Next, we need to actually do the quacking or flagging of these channels. We use the CASA task flagdata to do this along with the special mode called quack. Fill in the flagdata parameters, inserting the time that the antennas were off source that we found earlier.

	# Flag first 40 s of each scan for all sources
	flagdata(vis='***',
			 mode='***', quackinterval='**')

Re-plot in plotms (tick reload option and replot if you still have it open) to check that the bad data at the start of each scan are gone. There are still some irregular periods of bad data which will be flagged later.


2D. Flag the bad end channels (step 4)

← back to top

In this step, we are going to do the plotting and flagging all at once. To obtain the correct parameters for the flagging, it is advisable to copy and paste the plotms commands (with the correct parameters) into your CASA prompt and then input these parameters in the 3C277.1_cal_outline.py code for future reference.

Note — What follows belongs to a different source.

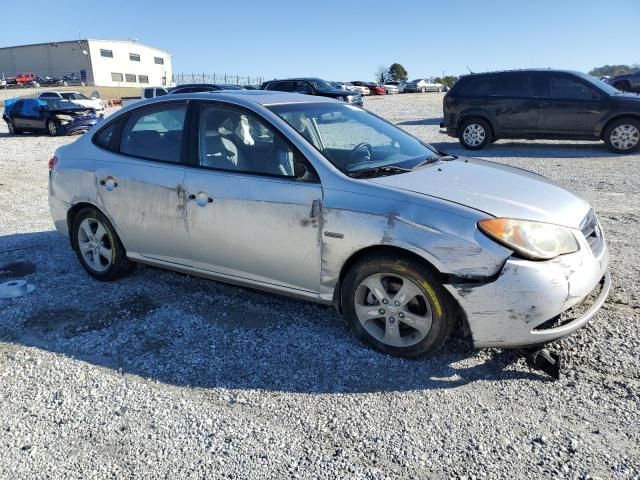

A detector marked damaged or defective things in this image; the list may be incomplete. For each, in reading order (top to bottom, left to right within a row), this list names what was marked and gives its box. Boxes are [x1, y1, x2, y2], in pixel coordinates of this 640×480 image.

damaged front bumper [444, 227, 608, 346]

Let's continue. The edges of the bandpass for each spw are low sensitivity and must be flagged. This is the same for all sources, polarizations and antennas but different spectral windows may be different. Just look at the brightest source, 0319+415.

	plotms(vis='***',
		   field='***',
		   xaxis='***', yaxis='***', # plot amplitude against channel
		   antenna=***,             # select one baseline
		   correlation='**,**',     # just parallel hands
		   avgtime='***',           # set to a large number
		   avgscan=****,            # average all scans
		   iteraxis='***', coloraxis='***',  # view each spectral window in turn, and color
		   showgui=True,                     # change to False if you want ,
		   overwrite=True, plotfile='')

Take note of the channel ranges which are significantly less sensitive at each end of each spw.

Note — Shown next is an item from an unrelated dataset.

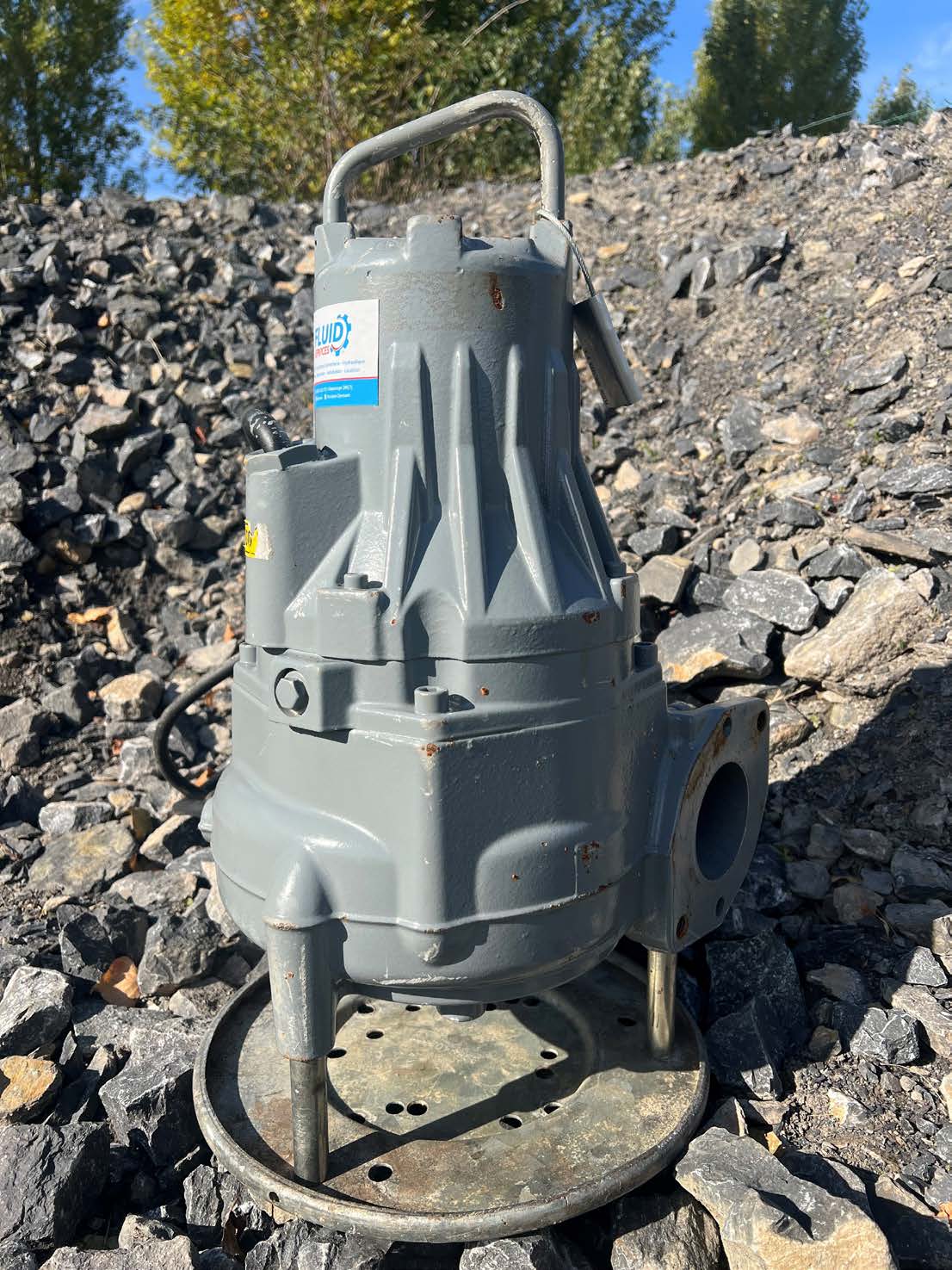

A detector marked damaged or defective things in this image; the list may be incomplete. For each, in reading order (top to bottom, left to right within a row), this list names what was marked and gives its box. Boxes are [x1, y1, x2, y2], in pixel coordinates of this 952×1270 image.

Back up the flags and enter the appropriate parameters in flagdata. Note the odd CASA notation for selecting spectral windows and channels. We have provided the "bad"/insensitive channels in spw 0 with the correct syntax, so use that as a guide for the other spectral windows.

	# Back up flags
	flagmanager(vis='***',
				mode='***',
				versionname='pre_endchans')

	# end chans
	flagdata(vis='***',mode='***',
			 spw='0:0~6;60~63,***')  # enter the ranges to be flagged for the other spw

Execute step 3 and then re-plot in plotms (the code should already do this replotting for you!)

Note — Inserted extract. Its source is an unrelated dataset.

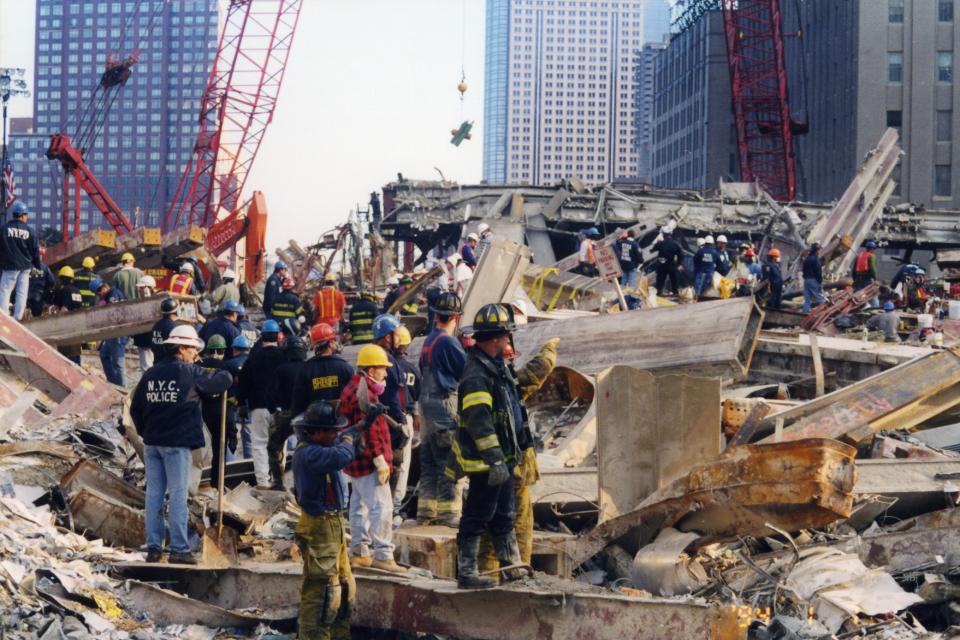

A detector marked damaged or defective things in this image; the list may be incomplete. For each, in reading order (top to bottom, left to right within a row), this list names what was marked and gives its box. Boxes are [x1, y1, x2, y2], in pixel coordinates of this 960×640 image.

broken concrete slab [568, 440, 856, 564]
rusted steel beam [568, 440, 856, 564]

2E. Identify and flag remaining bad data (step 5)

← back to top

Finally, you usually have to go through all baselines, averaging channels and plotting amplitude against time. To save time (and sanity!), you don't have to do it all here. Have a look at 0319+419 and write down a few commands. This is done in the form of a list file, which has no commas and the only spaces must be a single space between each parameter for a given flagging command line. Some errors affect all the baselines to a given antenna; others (e.g. correlator problems) may only affect one baseline. Usually all spw will be affected so you can just inspect one but check afterwards that all are 'clean'. It can be hard to see what is good or bad for a faint target but if the phase-ref is bad for longer than a single scan then usually the target will be bad for the intervening time. Because the data are taken over two days, it is safest to use the full date for any time range.

Before we begin to flag, remember we should start by backing up the flags again!

	flagmanager(vis='all_avg.ms',
				mode='save',
				versionname='pre_timeflagging')

Use plotms to inspect 0319+415, plotting amplitude against time, RR,LL only, averaging all channels, all baselines to Mk2, paging (iterating) through the baselines.

Here are some of the flagging commands in list format for the data shown below

mode='manual' field='0319+415' timerange='2015/05/06/07:30:00~07:35:00'
mode='manual' field='0319+415' antenna='Da' timerange='2015/05/06/07:30:00~07:56:22'
mode='manual' field='0319+415' antenna='Mk2&Kn' timerange='2015/05/06/07:30:00~07:35:34'
mode='manual' field='0319+415' antenna='Mk2&Kn' timerange='2015/05/06/07:48:55~07:48:58'
mode='manual' field='0319+415' antenna='Mk2,De' timerange='2015/05/06/07:35:00~07:35:18'
mode='manual' field='0319+415' timerange='2015/05/06/08:28:30~08:30:00'

Note that, by paging through all the baselines, you can figure out what bad data affect which antennas. Have a look at 1331+305 and write its commands.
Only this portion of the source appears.